Posted by: Keith Kloor

I’m a little surprised this NYT story by Jeffrey Gettleman hasn’t been noted at Natural Security. It’s about an innovative aid project in Sauri, Kenya that seems to be a big success.  Because the Sauri initiative is among the first of 80 “showcase” projects dreamed up by Jeffrey Sachs, the implications of its success are huge. Gettleman wastes little time in examining the bigger picture:

But the question for Mr. Sachs and his team remains: Is this progress, in development-speak, scalable? In other words, is there a way to take a place like this one and magnify the results by 1,000 times or 10,000 times and wipe out poverty across the developing world?

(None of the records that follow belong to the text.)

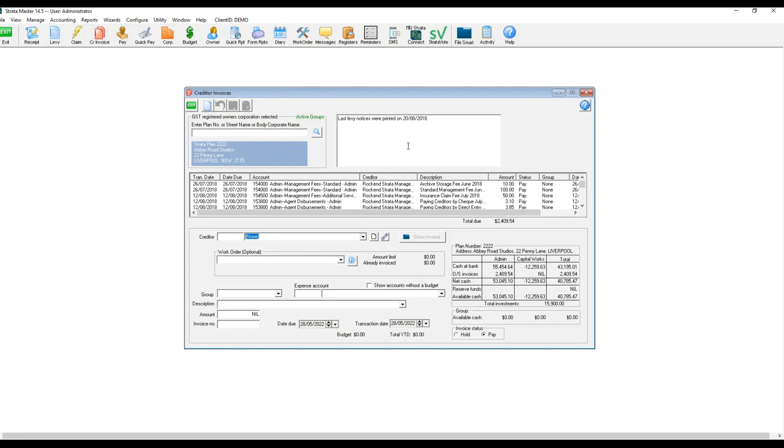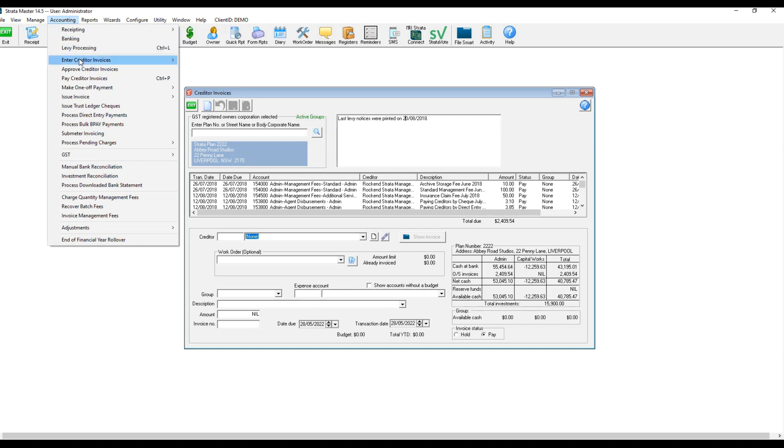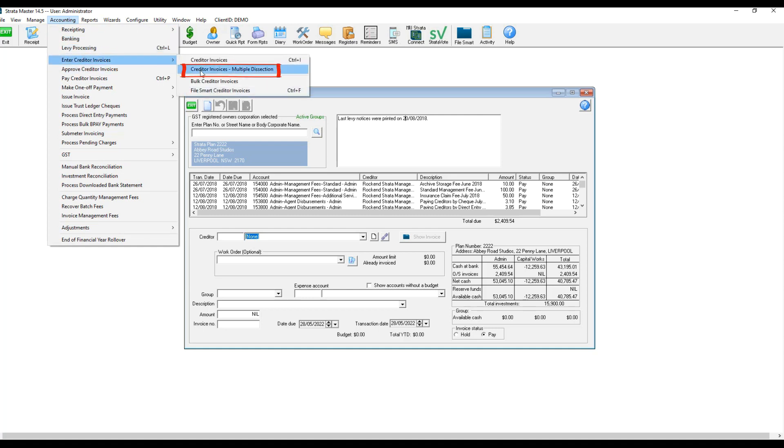If you don't use FileSmart to enter invoices or you need to enter an invoice in Stratomaster with multiple dissections, instead of using Creditor Invoices, the best option is to navigate to Accounting, enter Creditor Invoices, and select Creditor Invoice multiple dissection.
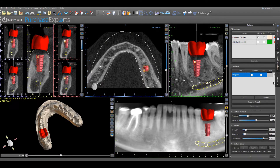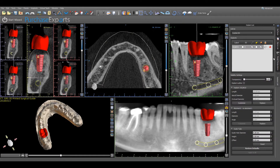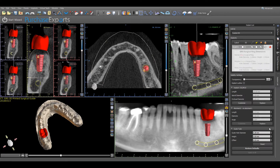Click on the Implant List tab on the Open Panels menu on the right and select Custom under the Drill Kit heading. The guide hole diameter and height dimensions need to be manually entered in the Guide Tube subpanel in order to have the correct guide tube dimensions for the GRS surgical rings.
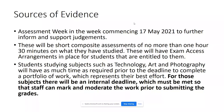Students studying subjects such as technology, art, and photography will have as much time as required prior to the deadline to complete a portfolio of work representing their best work. There will be an internal deadline which must be met because marking and moderating the work prior to submitting the grades can take a long time. Moderation is where a group of teachers get together to agree the marks for candidates — they take a sample of the work, each take turns marking it, and if they agree the marks are appropriate they continue.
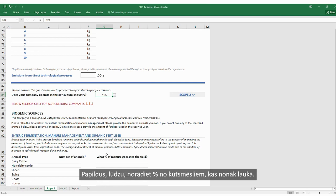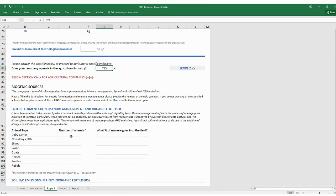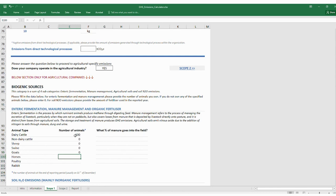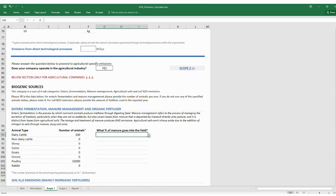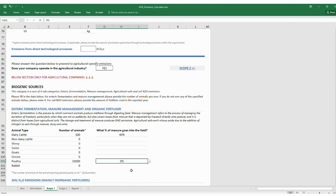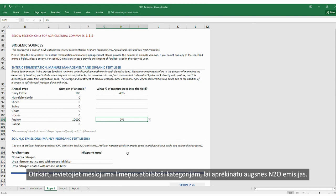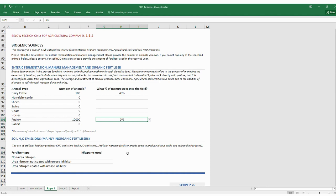Provide the percentage of manure that goes into the field. Please do not leave any blank spaces — enter zero if not applicable. Secondly, enter the fertilizer levels according to categories to calculate soil nitrous oxide emissions. If you did not use any fertilizer, you can leave this unfilled.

What follows after that is an interesting capsule debate on the relative merits and pitfalls of foreign aid in developing countries.

And if none of that is enough to pique the interest of environmental security bloggers, the story’s kicker should, which pivots to Sachs discussing the links between poverty and terrorism:

A few years ago, Mr. Sachs said, he came back from Yemen, which has recently become a haven for Al Qaeda, and spoke to American officials about how the country was “broken by hunger, water-stress, disease and poverty” and “sliding closer to the cliff.”

“I told our government all about this,” he said. “But all I got back was a blank stare.”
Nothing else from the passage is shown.